He shook hands and left her, and half an hour later he called at her son's office. The office boy showed him in and he held out his hand. Darwen grasped it with a warm friendly smile.
"In the presence of other people," Carstairs said, as the door closed behind the office boy, "we are friends, because your mother is one of the best women on this earth. How she came to have such a whelp as you, Lord only knows. Do you agree?"
"My dear chap, I am honoured and delighted. It is not often one gets an opportunity of shaking an honest man by the hand, even though the excuse for doing so is a lie." He smiled his most charming smile. "You're putting on weight, Carstairs."
"Yes, but I'm in the pink of condition."
"So am I."
"That's good. Your mother isn't looking so well."
"No, I've noticed it myself." A shade of real anxiety passed across Darwen's face.

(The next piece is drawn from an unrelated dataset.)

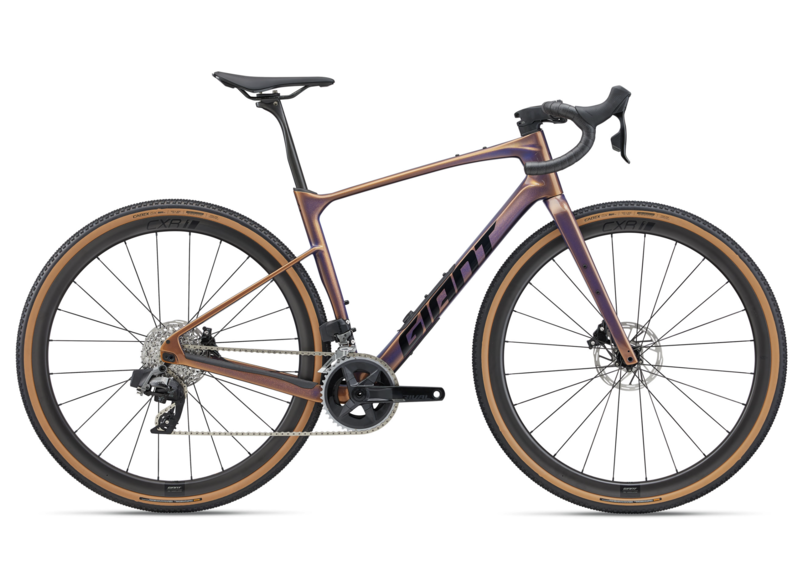 Giant Revolt Advanced Pro 1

Carstairs noted it, and his opinion of Darwen went up; he stepped up close. "Look here," he said, "she was worried because she thought her son was a damned rogue. I've told her—at least given her to understand, that he is not, and you'll find her looking a different woman. Do you see?" He turned and went out.
Darwen sat back in his chair lost in thought. "That man always makes me think. Wonderful man, wonderful man. Damn him!" He sat up suddenly and went on with his work.
That night Carstairs reached Southville; he got out and put up at a hotel for the night. Before going to bed he went out and strolled round the town in the silence of the late evening. Old memories crowded back on him, and although they were not always of pleasant happenings, the taste of them was sweet; he had progressed since then, and he felt, in the bones of him, he knew, that he was going forward. His steps turned mechanically towards the electric lighting works, and before he quite realized where he was going, he found himself facing the old familiar big gates with the little wicket at the side. He looked at his watch. "Eleven o'clock! Wonder who's on." He paused a minute, then opened the wicket and went in. "Probably some of the men who knew me are still here," he thought.